One design technique I see used quite frequently on my travels, usually in financial applications and usually by people who have experience with OLAP tools other than AS, is the creation of members on a dimension which have no real data associated with them in the fact table and whose value is later overwritten with an assignment in the MDX Script. Imagine the following scenario, for example: you have a chart of accounts dimension which has a member Total Sales, which represents the total sales of all of the operating units in your company; you also want another member, Sales Plus Tax, which is the Total Sales value multiplied by a constant representing the rate of tax. To implement this you could either create a calculated member on the Account dimension which did the calculation, or in your Account dimension table create an extra real member and then in the MDX Script use a scoped assignment to write the value of the calculation to that member.

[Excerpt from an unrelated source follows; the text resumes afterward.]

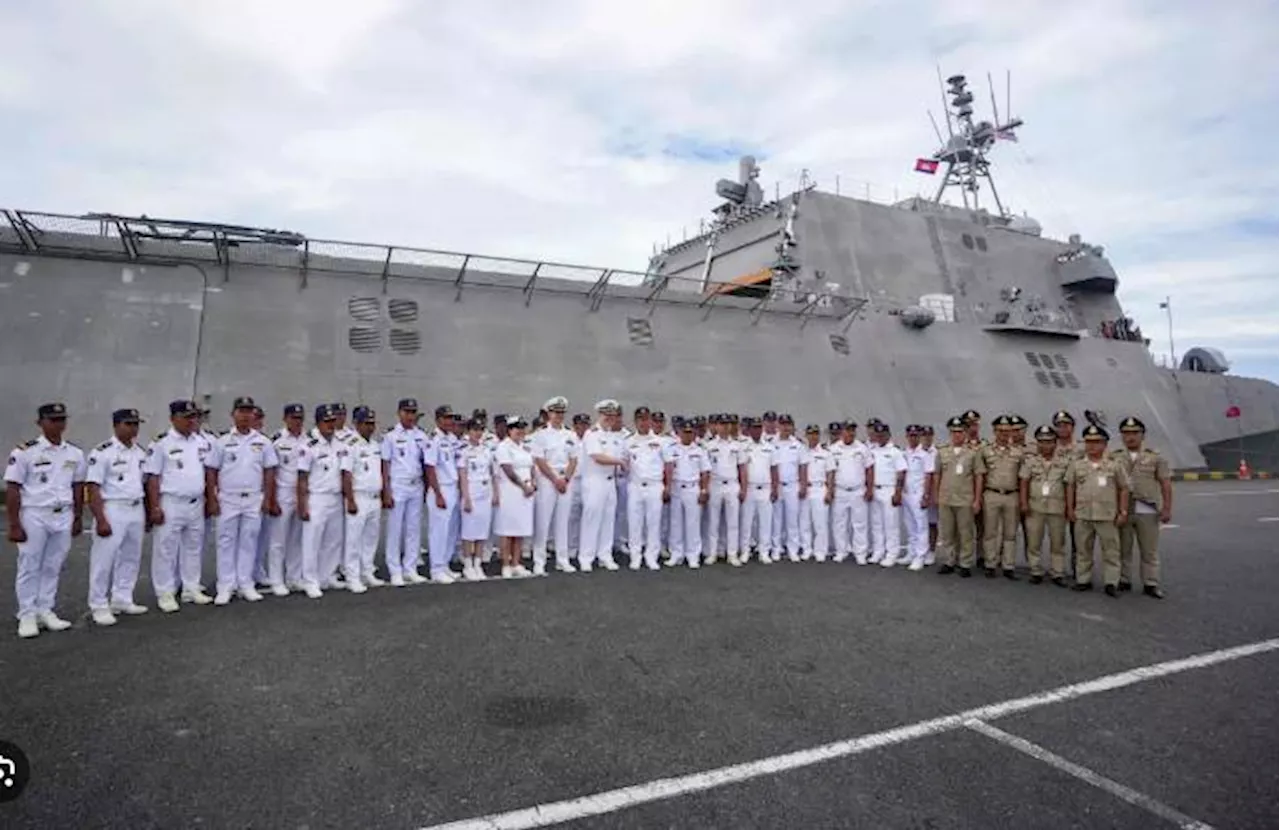 US warship docks in Cambodia amid China naval base concerns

Creating the calculated member is the simplest option, so why not do that? Well, the ‘real member’ option has several advantages, such as:
- You have absolute control over where the member appears in the hierarchy, unlike with a calculated member
- Real members can have children, calculated members can’t
- Real members can have member properties associated with them, calculated members can’t
- It’s easier to manage all of your dimension members in one place, ie in the dimension table itself
- It’s easier to write scoped assignments which cover only real members; writing scoped assignments that cover multiple calculated members can be a pain (see my blog entry here for example).
- Some client tools (ok, Excel 2007) have problems with displaying and selecting calculated members on non-measures dimensions. For another practical example of the ‘real member’ technique, see Marco Russo’s blog entry on using it to create a time utility dimension here to get around exactly this issue.
Hmm, so that’s great, are there any disadvantages to using it? I’m going to have to be vague here, unfortunately, because I don’t understand what’s going on inside AS to be able to say for sure, but in many cases where I’ve seen the ‘real member’ technique used it’s been associated with poor query performance. Even where the calculation involved has been trivial and there has been no further aggregation of the resulting value involved, I’ve seen situations where queries are slow and Profiler has gone nuts. It certainly doesn’t happen for every calculation and every query, but when it has and I’ve created a calculated member that contains the same calculation performance has been much better. I wonder what’s going on here? Maybe someone from Microsoft can comment? As you can probably guess, I’m writing this while onsite with a customer experiencing exactly this problem and I’m hoping to provoke some discussion on this topic…
In the meantime, all I can say is that be wary of using the ‘real member’ technique and test to see if a calculated member performs better. And hopefully in Katmai+1 we’ll see some of the limitations of calculated members addressed so the provide a stronger alternative.